It's a well known fact that there are about half as many venture funds today as there were in 2000. While this can be attributed to the burst of the dot-com bubble, the decline is still a sharp one. Michigan Growth Capital Symposium (MGCS) Founder David J. Brophy, Director and Professor of Finance at the University of Michigan Ross School of Business said that drastic adjustment has reverberated through the limited partner community. "It has been very tough to separate them from their money," he said. "Technology and the application of technology is key right now as far as venture capital is concerned."
While changes are afoot, it is characteristic of the venture capital and private equity sectors to be in a constant state of transition. As the growth capital industry is in flux, larger mega-funds are finding ways to engage with companies much smaller than their usual targets. "On one hand, that's good for the venture-backed companies, because now as they enter their later stages they've got large, large funds who are looking at them and are potentially willing to come in as later stage ground investors," said Brophy. "As they get into the growth capital business, they're extending deeper and deeper into the territory that we normally would associate with venture capitalists."
As big funds are doing growth capital investment along with buyouts, the industry is seeing much more leverage for recapitalizations and partial ownership deals. "There's still an appetite, of course, for control, but increasingly we're seeing those kinds of investments involve the retention of management or the transfer of management equity," said Brophy. "These big companies have not, to my knowledge, gotten down into the seed capital business yet - but I wouldn't be surprised if we had some side funds put in place by big private equity shops for the sole purpose of seed investments. That would mean more competition for existing venture capital funds, but also more chances to partner with those big funds who probably are not as familiar with seed and early stage investing as existing investors are." The potential for more available capital, along with a likely tendency for the big fund parent of those seed funds to invest down the road in later rounds, would be a bonus for entrepreneurs.

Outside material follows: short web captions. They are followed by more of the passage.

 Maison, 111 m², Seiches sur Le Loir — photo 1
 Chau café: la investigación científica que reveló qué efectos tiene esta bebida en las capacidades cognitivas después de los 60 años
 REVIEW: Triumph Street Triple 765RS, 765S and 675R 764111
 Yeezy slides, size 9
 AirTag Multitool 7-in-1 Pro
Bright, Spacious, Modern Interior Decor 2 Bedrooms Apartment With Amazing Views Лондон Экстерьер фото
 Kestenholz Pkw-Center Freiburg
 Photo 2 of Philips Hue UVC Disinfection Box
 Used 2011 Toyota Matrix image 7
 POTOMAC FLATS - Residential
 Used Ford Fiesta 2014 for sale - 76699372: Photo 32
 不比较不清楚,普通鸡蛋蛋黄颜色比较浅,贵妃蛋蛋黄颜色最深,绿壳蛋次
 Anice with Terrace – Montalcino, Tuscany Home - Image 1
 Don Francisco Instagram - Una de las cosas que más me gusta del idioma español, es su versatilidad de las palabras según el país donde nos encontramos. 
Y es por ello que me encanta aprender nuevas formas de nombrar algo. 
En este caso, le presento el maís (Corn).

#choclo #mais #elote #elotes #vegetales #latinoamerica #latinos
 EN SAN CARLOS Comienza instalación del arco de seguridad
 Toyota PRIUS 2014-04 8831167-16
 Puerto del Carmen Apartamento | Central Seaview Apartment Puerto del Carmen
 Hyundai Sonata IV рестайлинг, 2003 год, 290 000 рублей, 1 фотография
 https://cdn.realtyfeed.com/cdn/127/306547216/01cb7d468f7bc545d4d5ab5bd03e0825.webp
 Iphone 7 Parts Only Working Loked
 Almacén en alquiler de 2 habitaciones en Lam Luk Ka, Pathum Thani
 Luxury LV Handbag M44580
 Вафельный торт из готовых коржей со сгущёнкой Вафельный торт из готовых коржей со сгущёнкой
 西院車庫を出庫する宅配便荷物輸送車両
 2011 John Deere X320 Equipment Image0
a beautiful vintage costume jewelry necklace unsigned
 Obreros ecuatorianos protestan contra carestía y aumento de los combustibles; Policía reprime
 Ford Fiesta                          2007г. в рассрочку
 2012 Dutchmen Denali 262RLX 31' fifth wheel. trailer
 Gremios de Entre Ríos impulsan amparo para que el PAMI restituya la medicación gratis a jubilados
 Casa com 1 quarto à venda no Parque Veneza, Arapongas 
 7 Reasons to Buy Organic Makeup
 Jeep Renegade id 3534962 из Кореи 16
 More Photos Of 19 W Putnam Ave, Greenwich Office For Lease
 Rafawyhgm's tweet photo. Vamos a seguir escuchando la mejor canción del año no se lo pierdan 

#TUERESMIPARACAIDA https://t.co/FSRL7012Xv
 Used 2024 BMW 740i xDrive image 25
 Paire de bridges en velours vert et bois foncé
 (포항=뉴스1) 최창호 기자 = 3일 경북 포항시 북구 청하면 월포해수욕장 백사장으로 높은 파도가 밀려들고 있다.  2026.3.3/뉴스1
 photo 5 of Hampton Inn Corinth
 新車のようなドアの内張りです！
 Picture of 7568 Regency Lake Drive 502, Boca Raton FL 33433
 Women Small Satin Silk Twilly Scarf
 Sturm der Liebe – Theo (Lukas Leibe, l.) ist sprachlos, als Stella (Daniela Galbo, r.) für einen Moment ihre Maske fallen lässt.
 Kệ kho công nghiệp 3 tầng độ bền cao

Brophy noted that the MGCS always strives to reflect the current state of the industry, and these shifts are no exception. "We're likely to see some bigger funds invited to participate," he said. "We're likely to see a bit more representation of growth capital kinds of companies presenting, and we'll have our usual array of startup and early stage companies as well. So we'll be crafting a program that, upon inspection, will look very much like what's going on in the market - and leaning in the direction of what we expect to be coming down the road."